Records from a data source
——
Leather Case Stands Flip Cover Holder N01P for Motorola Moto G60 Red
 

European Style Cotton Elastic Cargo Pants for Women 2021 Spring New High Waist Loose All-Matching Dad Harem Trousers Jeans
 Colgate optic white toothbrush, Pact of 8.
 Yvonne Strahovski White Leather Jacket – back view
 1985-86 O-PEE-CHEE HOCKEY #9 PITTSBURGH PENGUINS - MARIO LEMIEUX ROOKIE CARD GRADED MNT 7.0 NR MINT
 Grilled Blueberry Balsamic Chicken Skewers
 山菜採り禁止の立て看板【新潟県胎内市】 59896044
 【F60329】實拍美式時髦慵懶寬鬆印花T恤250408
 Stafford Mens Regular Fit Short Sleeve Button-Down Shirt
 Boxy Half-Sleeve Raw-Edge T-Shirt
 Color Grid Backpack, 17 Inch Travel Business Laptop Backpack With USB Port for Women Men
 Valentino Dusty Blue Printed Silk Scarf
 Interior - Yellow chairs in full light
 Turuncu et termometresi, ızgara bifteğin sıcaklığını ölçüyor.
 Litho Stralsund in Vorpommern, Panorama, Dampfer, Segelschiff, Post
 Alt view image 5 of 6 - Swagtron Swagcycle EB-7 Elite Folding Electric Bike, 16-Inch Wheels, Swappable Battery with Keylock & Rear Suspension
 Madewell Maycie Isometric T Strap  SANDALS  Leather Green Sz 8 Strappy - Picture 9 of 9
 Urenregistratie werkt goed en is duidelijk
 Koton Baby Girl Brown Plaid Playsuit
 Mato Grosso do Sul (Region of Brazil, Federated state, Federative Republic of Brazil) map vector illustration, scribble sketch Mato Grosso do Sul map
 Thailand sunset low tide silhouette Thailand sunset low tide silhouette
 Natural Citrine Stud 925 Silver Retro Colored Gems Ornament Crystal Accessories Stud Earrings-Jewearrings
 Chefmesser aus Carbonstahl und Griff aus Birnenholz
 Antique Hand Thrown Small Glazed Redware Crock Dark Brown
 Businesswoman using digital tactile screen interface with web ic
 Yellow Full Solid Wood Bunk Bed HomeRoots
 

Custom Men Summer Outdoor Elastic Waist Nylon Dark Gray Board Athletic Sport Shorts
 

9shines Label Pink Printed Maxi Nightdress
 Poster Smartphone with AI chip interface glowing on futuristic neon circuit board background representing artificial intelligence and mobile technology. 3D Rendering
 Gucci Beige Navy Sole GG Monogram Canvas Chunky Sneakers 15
——
* [Directions for this task]: Write down exactly the span of lines above from the one containing "Interior - Yellow chairs in full light" to the one containing "Businesswoman using digital", both ends included.

* [Answer]:
 Interior - Yellow chairs in full light
 Turuncu et termometresi, ızgara bifteğin sıcaklığını ölçüyor.
 Litho Stralsund in Vorpommern, Panorama, Dampfer, Segelschiff, Post
 Alt view image 5 of 6 - Swagtron Swagcycle EB-7 Elite Folding Electric Bike, 16-Inch Wheels, Swappable Battery with Keylock & Rear Suspension
 Madewell Maycie Isometric T Strap  SANDALS  Leather Green Sz 8 Strappy - Picture 9 of 9
 Urenregistratie werkt goed en is duidelijk
 Koton Baby Girl Brown Plaid Playsuit
 Mato Grosso do Sul (Region of Brazil, Federated state, Federative Republic of Brazil) map vector illustration, scribble sketch Mato Grosso do Sul map
 Thailand sunset low tide silhouette Thailand sunset low tide silhouette
 Natural Citrine Stud 925 Silver Retro Colored Gems Ornament Crystal Accessories Stud Earrings-Jewearrings
 Chefmesser aus Carbonstahl und Griff aus Birnenholz
 Antique Hand Thrown Small Glazed Redware Crock Dark Brown
 Businesswoman using digital tactile screen interface with web ic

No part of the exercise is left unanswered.